WDVI

Rochester, New York; United States;
- Broadcast area: Rochester metropolitan area
- Frequency: 100.5 MHz (HD Radio)
- Branding: Country 100.5

Programming
- Format: Country
- Subchannels: HD3: Lite Rock (adult contemporary)
- Affiliations: Premiere Networks

Ownership
- Owner: iHeartMedia; (iHM Licenses, LLC);
- Sister stations: WAIO, WHAM, WHTK, WKGS, WNBL, WVOR

History
- First air date: 1963; 63 years ago
- Former call signs: WVOR (1963–1979); WVOR-FM (1979–2006);
- Former frequencies: 92.5 MHz (1963–1964)
- Call sign meaning: "Drive" (callsign transposed, former branding)

Technical information
- Licensing authority: FCC
- Facility ID: 37546
- Class: B
- ERP: 50,000 watts
- HAAT: 146 meters (479 ft)
- Transmitter coordinates: 43°2′1.00″N 77°25′18.00″W﻿ / ﻿43.0336111°N 77.4216667°W

Links
- Public license information: Public file; LMS;
- Webcast: Listen Live HD3: Listen Live (HD3)
- Website: country1005.iheart.com

= WDVI =

Country radio station in Rochester, New York

WDVI (100.5 FM) is a country music radio station in Rochester, New York. The station is owned and operated by iHeartMedia. Its studios are located at the Five Star Bank Plaza building in downtown Rochester, and its transmitter site is in Victor, New York.
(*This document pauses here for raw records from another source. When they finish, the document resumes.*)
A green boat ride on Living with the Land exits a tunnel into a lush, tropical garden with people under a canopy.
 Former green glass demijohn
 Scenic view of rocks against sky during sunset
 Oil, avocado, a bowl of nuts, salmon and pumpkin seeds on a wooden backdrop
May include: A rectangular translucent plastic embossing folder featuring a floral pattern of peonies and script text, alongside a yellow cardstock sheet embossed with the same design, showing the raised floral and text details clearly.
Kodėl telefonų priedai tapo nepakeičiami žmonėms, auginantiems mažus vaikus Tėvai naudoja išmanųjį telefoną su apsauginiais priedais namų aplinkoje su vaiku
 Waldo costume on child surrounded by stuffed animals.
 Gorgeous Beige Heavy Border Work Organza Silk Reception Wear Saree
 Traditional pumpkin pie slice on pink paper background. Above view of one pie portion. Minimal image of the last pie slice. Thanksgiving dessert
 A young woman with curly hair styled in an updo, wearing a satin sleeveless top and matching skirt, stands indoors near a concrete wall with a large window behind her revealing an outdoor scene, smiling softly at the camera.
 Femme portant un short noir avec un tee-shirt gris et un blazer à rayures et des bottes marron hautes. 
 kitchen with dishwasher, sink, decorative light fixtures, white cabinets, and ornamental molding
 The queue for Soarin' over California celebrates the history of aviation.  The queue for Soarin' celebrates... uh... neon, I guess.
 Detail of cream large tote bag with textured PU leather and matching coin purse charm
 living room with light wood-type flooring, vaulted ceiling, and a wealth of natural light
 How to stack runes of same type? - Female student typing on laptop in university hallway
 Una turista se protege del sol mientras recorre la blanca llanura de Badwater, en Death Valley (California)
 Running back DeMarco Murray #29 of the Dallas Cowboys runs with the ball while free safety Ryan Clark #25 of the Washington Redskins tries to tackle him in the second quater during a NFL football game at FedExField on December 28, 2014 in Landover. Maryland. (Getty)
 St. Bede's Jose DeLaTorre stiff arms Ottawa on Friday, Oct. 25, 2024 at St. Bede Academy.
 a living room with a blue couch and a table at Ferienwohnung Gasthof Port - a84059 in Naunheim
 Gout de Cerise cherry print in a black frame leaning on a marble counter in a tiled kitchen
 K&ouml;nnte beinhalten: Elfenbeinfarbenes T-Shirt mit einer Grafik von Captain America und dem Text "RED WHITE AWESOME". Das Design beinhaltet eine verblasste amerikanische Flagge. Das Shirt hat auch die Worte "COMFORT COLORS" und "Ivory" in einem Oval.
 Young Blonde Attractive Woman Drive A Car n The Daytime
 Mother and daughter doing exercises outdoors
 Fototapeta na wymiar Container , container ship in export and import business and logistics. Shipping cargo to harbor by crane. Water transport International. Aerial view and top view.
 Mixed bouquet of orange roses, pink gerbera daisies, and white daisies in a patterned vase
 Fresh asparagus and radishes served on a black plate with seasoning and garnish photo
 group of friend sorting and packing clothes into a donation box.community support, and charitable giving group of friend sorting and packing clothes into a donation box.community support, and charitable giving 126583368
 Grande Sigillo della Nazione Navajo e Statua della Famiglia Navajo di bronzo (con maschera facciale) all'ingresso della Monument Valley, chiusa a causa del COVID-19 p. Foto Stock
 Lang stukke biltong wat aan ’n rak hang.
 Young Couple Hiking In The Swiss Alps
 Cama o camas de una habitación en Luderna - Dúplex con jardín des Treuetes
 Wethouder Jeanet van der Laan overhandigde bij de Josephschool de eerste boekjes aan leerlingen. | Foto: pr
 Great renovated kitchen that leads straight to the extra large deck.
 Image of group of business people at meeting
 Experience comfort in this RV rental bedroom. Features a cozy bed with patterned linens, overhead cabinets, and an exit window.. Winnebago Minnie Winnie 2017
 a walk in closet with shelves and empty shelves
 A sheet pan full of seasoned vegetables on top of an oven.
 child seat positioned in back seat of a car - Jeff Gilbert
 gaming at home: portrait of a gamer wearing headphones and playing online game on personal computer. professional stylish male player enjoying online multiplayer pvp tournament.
Monday through Saturday mornings, WDVI runs The Bobby Bones Show, based in Nashville, from Premiere Networks, a subsidiary of iHeartMedia.

==History==
The station was previously known as WVOR-FM, a hot adult contemporary music station for many years. The station was owned by the Lincoln Group before being sold to American Radio Systems (ARS), a forerunner of CBS Radio. ARS was forced to sell the station to Jacor to meet Federal Communications Commission (FCC) ownership restrictions. Jacor would later be absorbed by Clear Channel (now iHeartMedia).

WVOR-FM rebranded from "Mix 100.5" to "The Drive" in 2006, leaning its direction towards Adult album alternative, and changed its callsign to WDVI; the WVOR calls would be placed on sister station WISY, in nearby Canandaigua. The station remained a Mediabase hot adult contemporary reporter, however. The AAA lean was dropped in 2012.

On June 30, 2017, at 5 p.m., WDVI returned to its previous brand as "Mix 100.5". It shifted to adult contemporary on August 3, 2020, while keeping the "Mix" branding.

On October 25, 2021, at 9 a.m., after playing "Drift Away" by Uncle Kracker featuring Dobie Gray, WDVI flipped to country, branded as "Country 100.5", with the first song being "Famous Friends" by Chris Young and Kane Brown. Along with the format change, the station brought in Jeremy Newman, the popular former morning show host from rival station WBEE-FM, to host middays, and the syndicated Bobby Bones morning show was moved to the station from sister station WNBL, however, it remained being simulcast on WNBL until July 1, 2022, when it flipped to all '80s hits.